[made by Rybcia ;*]
przezywam lekki kryzys jezdziecki. mam wrazenie, ze z treningu na trening jezdze coraz mniej podrecznikowo [w dobrym tego slowa znaczeniu].
trzeba bedzie popracowac nad koordynacja ruchowa i ogolna synchronizacja ;)
a tak przy okazji: Zyzior :3 mi sie zogierowal i zachowuje sie jak nasz klubowy, slynny siwusek - kedzierzawy Virtus.
okropnie jest miec cos na wyciagniecie kopyta i mimo to nie moc tego dosiegnac. mam tu na mysli Jorike.
...Azorku, moj ty kochliwy Tantalu!
w domu panuje atmosfera mozzarrelli z pomidorowa salatka przyozdobiona tenorem pavarottiego, plynacym z kuchennych glosnikow.
pokrojone jak od linijki ananasy tak dumnie prezentuja sie razem ze swoja sloneczkowa barwa, a seledynowe kiwi jest taaak seledynowe,mmm...

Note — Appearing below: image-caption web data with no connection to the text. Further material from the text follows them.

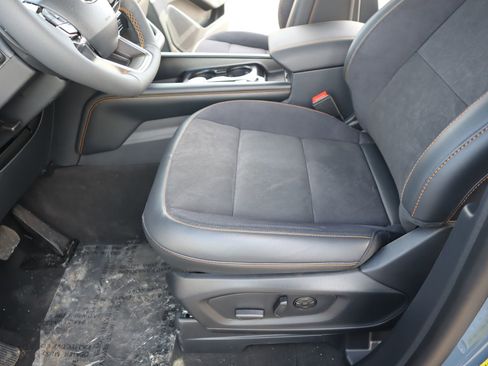 New 2026 Ford Explorer Tremor w/ Tremor Ultimate Package image 11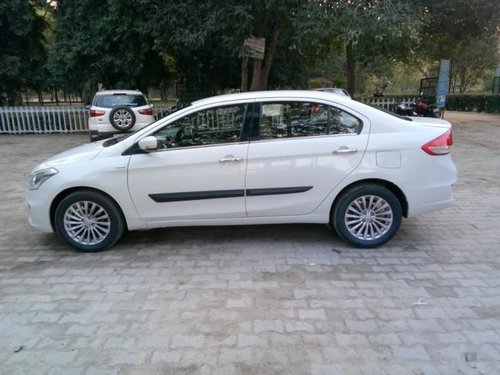 2015 Maruti Ciaz ZDi Plus MT for sale in New Delhi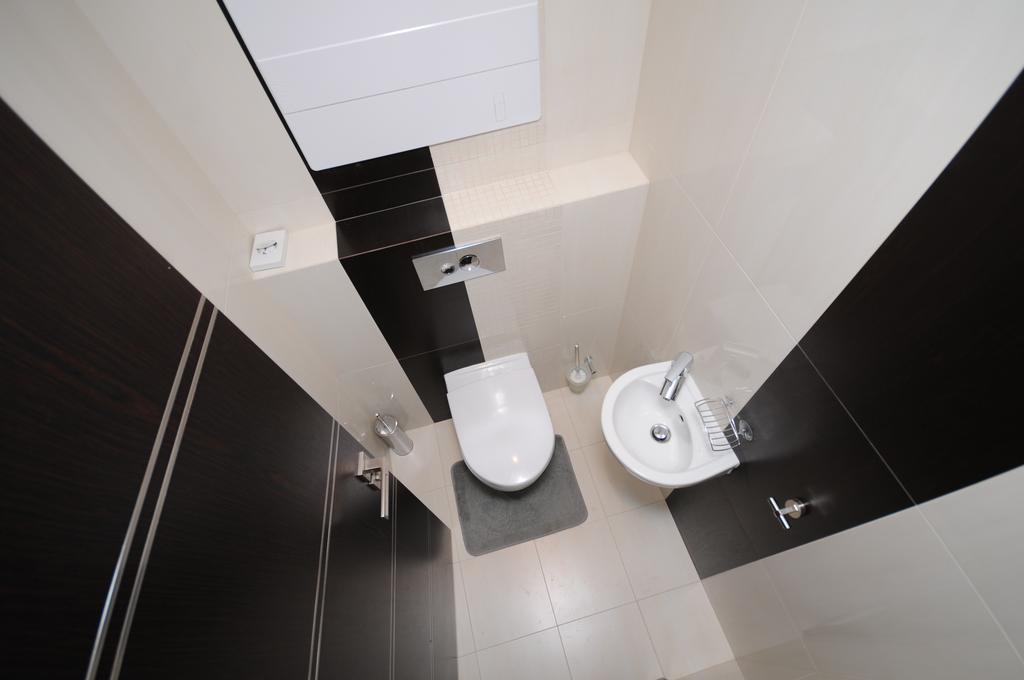 Unipharma Apartments Donovaly Rom bilde
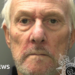 Paedophile and ex-BBC presenter sent back to prison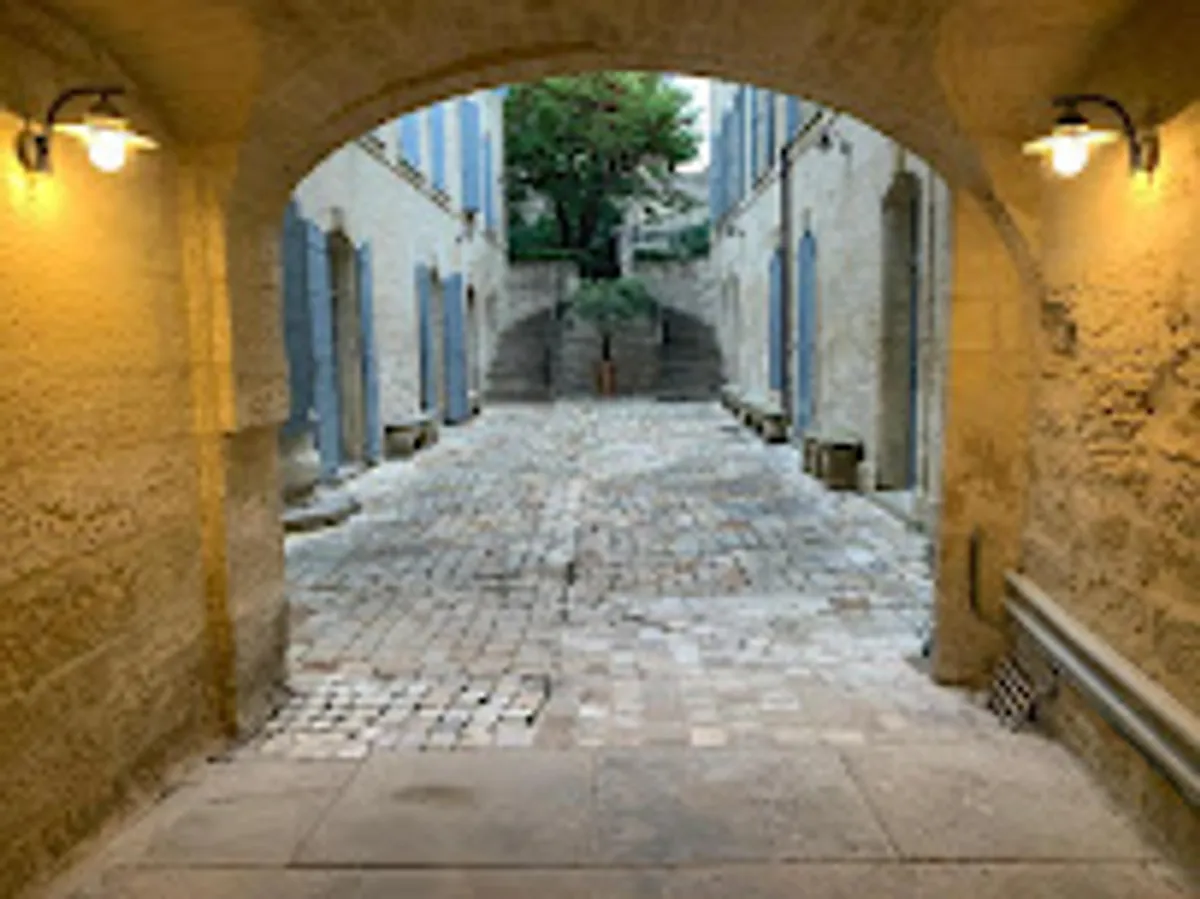 ConciergerieCalla Uzès-Pont du Gard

mozecie sie wrecz domyslec, jak bedzie wygladala moja kolacja. ;)
nie cierpie poniedzialkow!
uwazam, ze schemat stereotypu dotyczacego ow nieszczesnego pierwszego dnia tygodnia jest w pelni realny.
chcialabym zasnac niczym amerykanski niedzwiadek brunatny na mysl o zimie i obudzic sie w uszczesliwiajacy nas wszystkich - uczniow - szalony, spontaniczny piatek.
ostatnie chwile weekendu spedze ogladajac ekranizacje 'Pachnidla' w polmroku naszego stosunkowo ekstrawaganckiego salonu, przy zlocisto-pomaranczowym ogniu kominka,cieple herbaty z miodem pszczelim i w zapachu iskierek trzaskajacego drewna.
oficjalne gratulacje dla Oli i jej wielkiego duchem Kucyka! :) [zuch dziewczynka;*;)].
No, it's not a mystery
...It's everything!
[Common & Lily Allen - Drivin' me wild]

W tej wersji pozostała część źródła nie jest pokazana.